Menurut Kasi Humas Polresta Mamuju, Iptu Herman Basir, keributan tersebut terjadi pada Kamis (5/2) malam di SPBU Belang belang, Kecamatan Kalukku. Perselisihan awal terjadi pada Rabu (4/2) malam, ketika mobil boks milik seorang sopir berinisial SH tidak sengaja disenggol oleh mobil pemuat tabung gas milik sopir berinisial SB yang juga sedang mengantre.
“Perihal keributan di SPBU Belang belang karena ada salah satu mobil yang disambar,” ujar Iptu Herman Basir kepada wartawan, Jumat (6/2/2026).
Pada pertemuan pertama tersebut, kedua sopir sempat terlibat adu mulut, namun berhasil ditenangkan dan masing masing kembali ke kediaman mereka. “Terjadi adu mulut di saat pertama itu (Rabu malam), tapi selesai dan masing masing ini pulang setelah ditenangkan,” terang Herman.
Namun, eskalasi ketegangan kembali terjadi pada Kamis malam, sekitar pukul 19.30 Wita, ketika kedua sopir tersebut kembali bertemu di SPBU yang sama saat mengantre. Kali ini,insiden meningkat ketika SB datang membawa dua bilah parang dan menantang SH.

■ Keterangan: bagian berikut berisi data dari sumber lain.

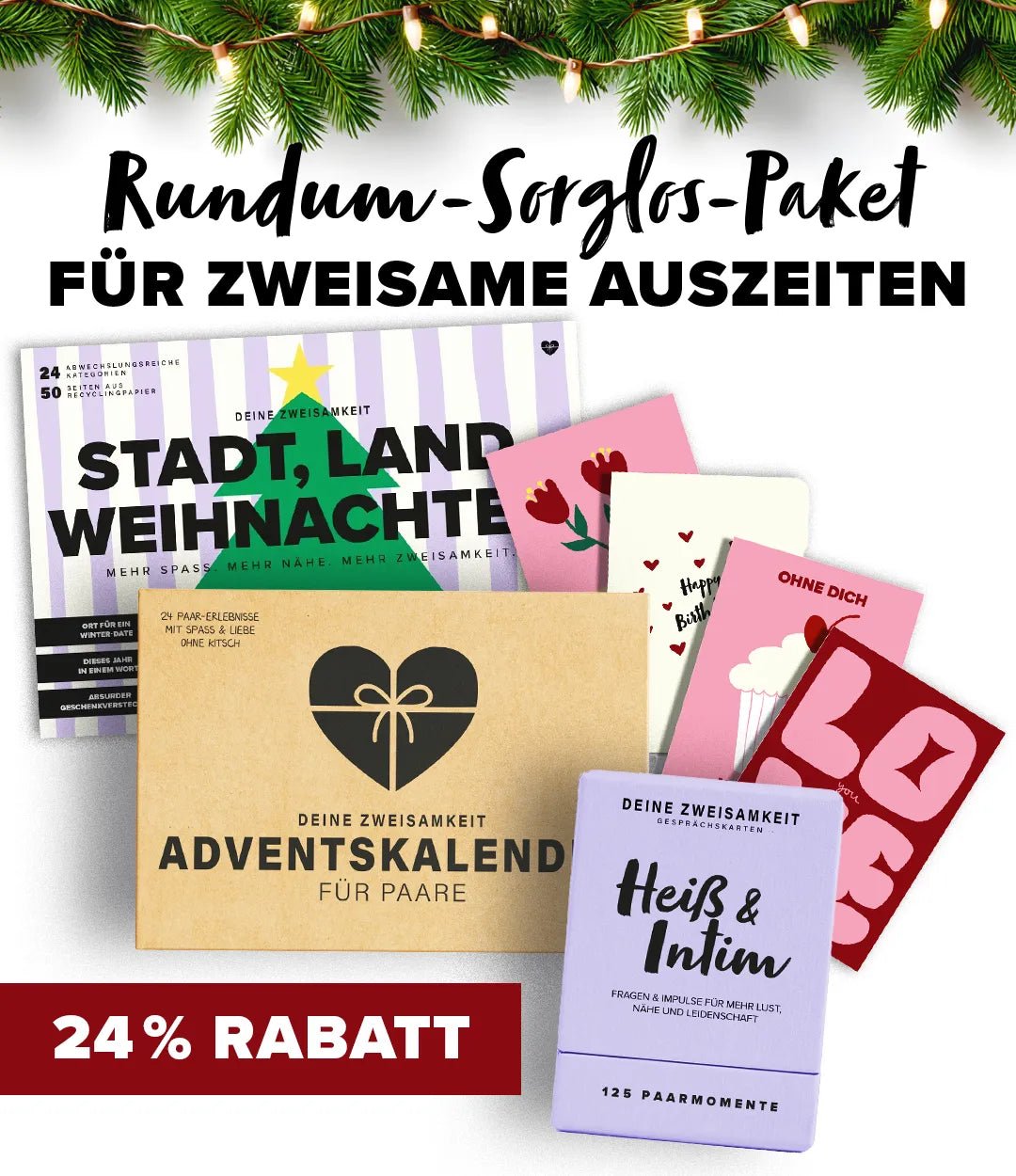 Zeit zu zweit - Geschenkset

“SB membawa dua sajam berupa parang dan mengatakan kepada SH ‘dilanjutkan kemarin malam’. Kemudian SH berlari ke arah mobilnya untuk mengambil sebilah parang,” bebernya
lebih lanjut.Meskipun situasi memanas dengan kedua sopir sempat mencari senjata, pihak kepolisian mengonfirmasi bahwa tidak ada korban luka dalam insiden tersebut. “Tidak ada yang luka, karena kan memang tidak sempat saling serang langsung dan personel Polsek juga langsung ke lokasi,” kata Herman.
Terlihat dalam video yang beredar, beberapa pria membawa parang di area SPBU, bahkan ada enam orang yang tampak berusaha menenangkan salah satu pria yang membawa senjata tajam. Situasi sempat ricuh dengan adanya saling ayun parang, namun kejadian tidak berlangsung lama.
Saat ini, kedua sopir yang terlibat dalam keributan tersebut sedang dipertemukan di Mapolsek Kalukku untuk mediasi dan penyelesaian damai. Iptu Herman Basir menambahkan bahwa kedua sopir tersebut ternyata masih memiliki hubungan keluarga.
“Sedang mau dipertemukan di Polsek sekarang untuk bicara, jadi keduanya juga itu kan masih berkeluarga,” pungkasnya.
Pihak kepolisian mengimbau masyarakat untuk senantiasa menjaga ketertiban dan menyelesaikan setiap perselisihan dengan cara yang damai dan tanpa kekerasan.